• **Problem description**
For every record that follows, transcribe the text exactly and leave any image out.
Top of Supplied records
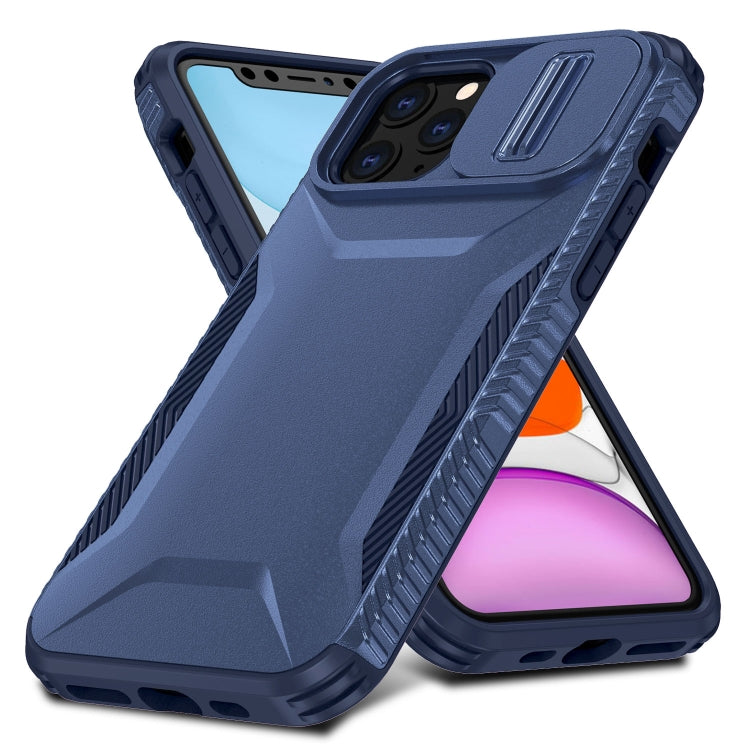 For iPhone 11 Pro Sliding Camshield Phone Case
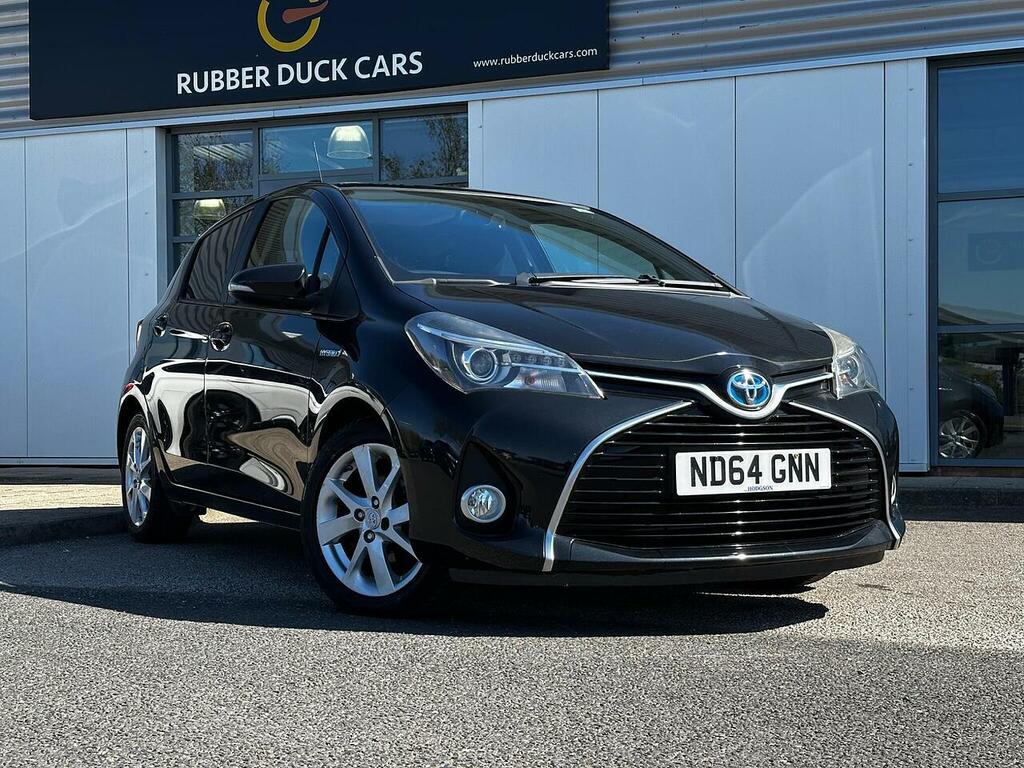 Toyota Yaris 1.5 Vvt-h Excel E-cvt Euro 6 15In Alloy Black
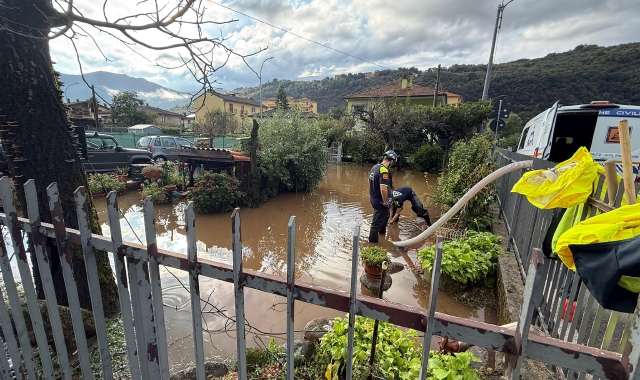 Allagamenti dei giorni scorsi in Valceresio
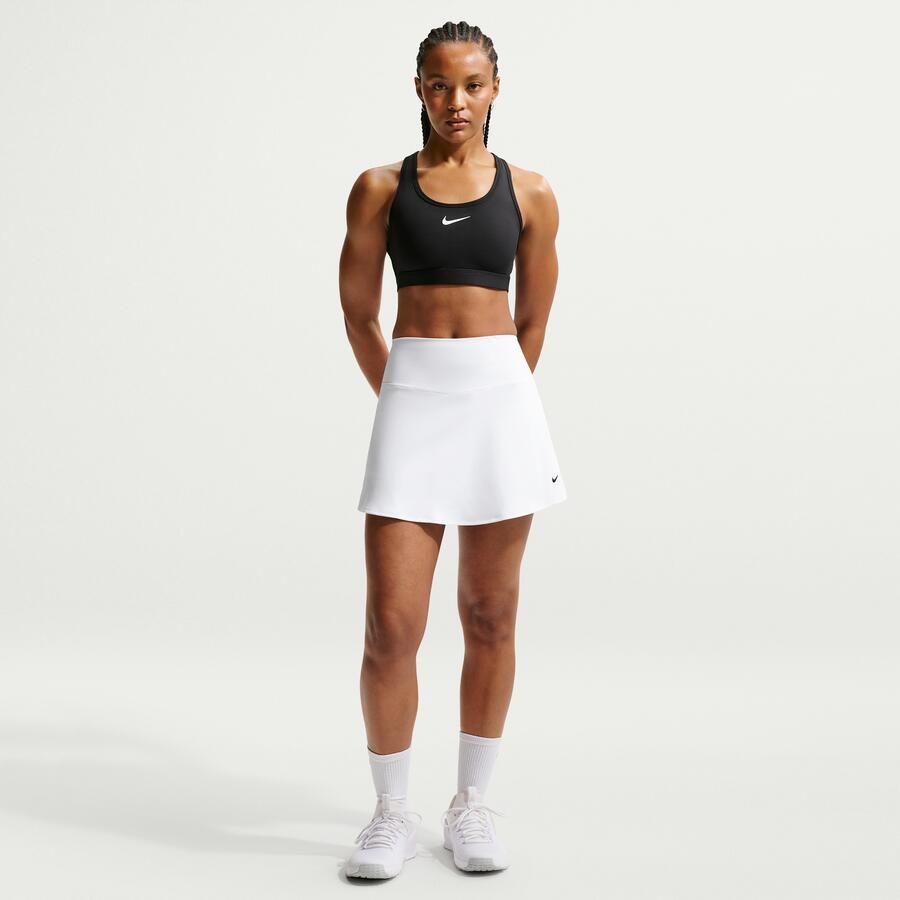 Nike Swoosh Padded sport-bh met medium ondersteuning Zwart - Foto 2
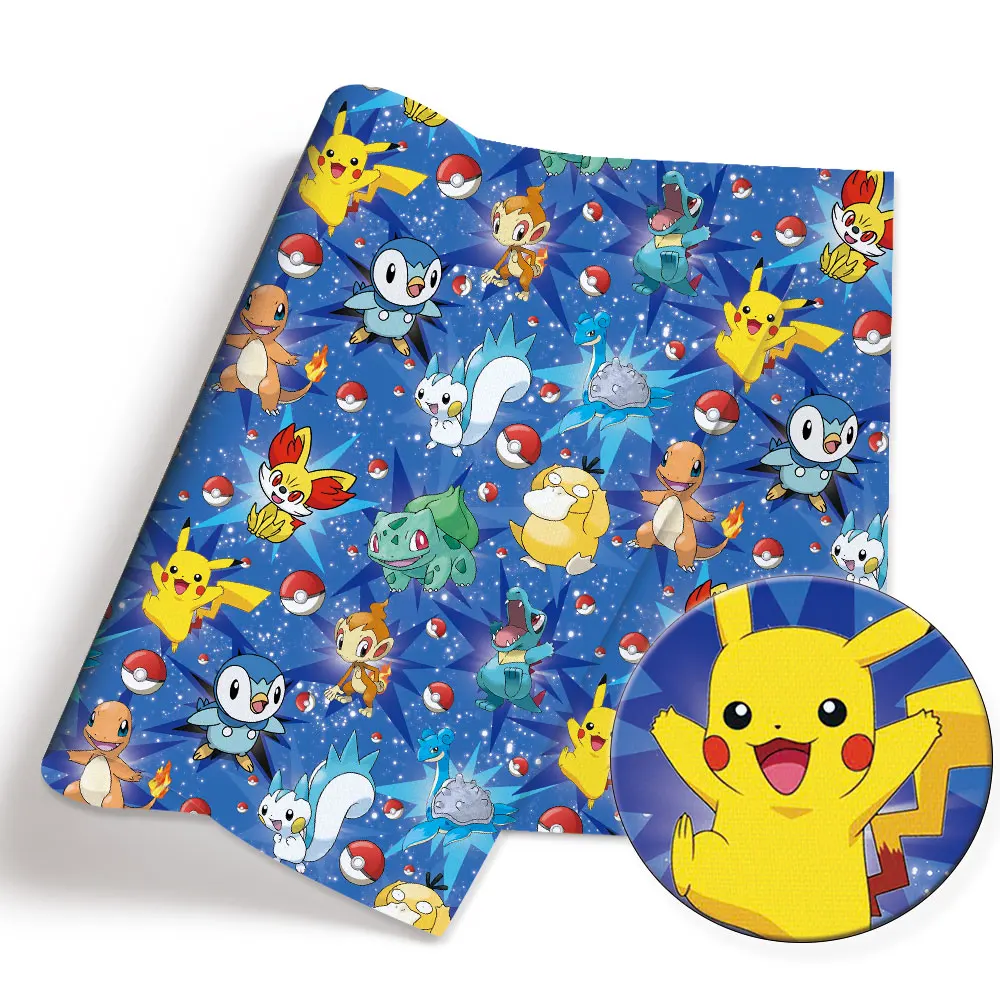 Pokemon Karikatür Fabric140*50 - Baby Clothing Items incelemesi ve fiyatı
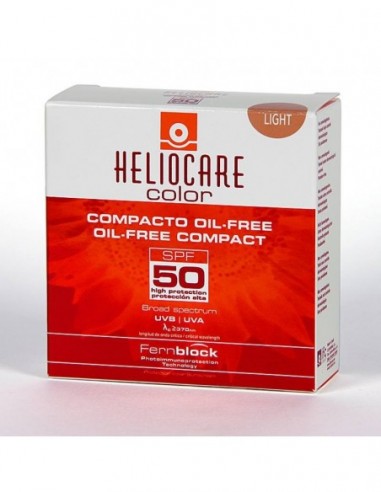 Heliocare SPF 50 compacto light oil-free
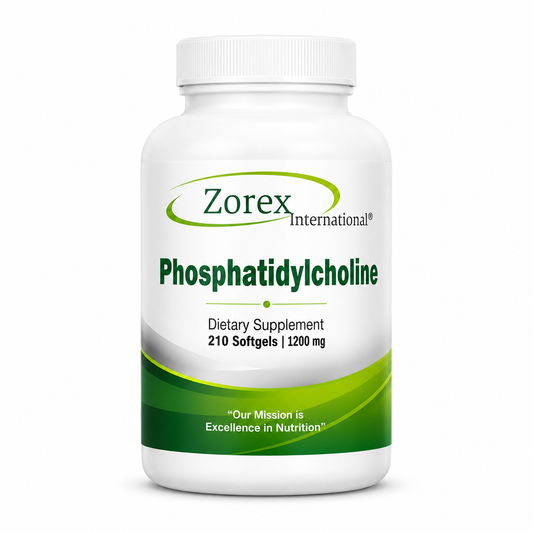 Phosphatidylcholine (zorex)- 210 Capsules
Bottom of Supplied records
• **Problem solution**
 For iPhone 11 Pro Sliding Camshield Phone Case
 Toyota Yaris 1.5 Vvt-h Excel E-cvt Euro 6 15In Alloy Black
 Allagamenti dei giorni scorsi in Valceresio
 Nike Swoosh Padded sport-bh met medium ondersteuning Zwart - Foto 2
 Pokemon Karikatür Fabric140*50 - Baby Clothing Items incelemesi ve fiyatı
 Heliocare SPF 50 compacto light oil-free
 Phosphatidylcholine (zorex)- 210 Capsules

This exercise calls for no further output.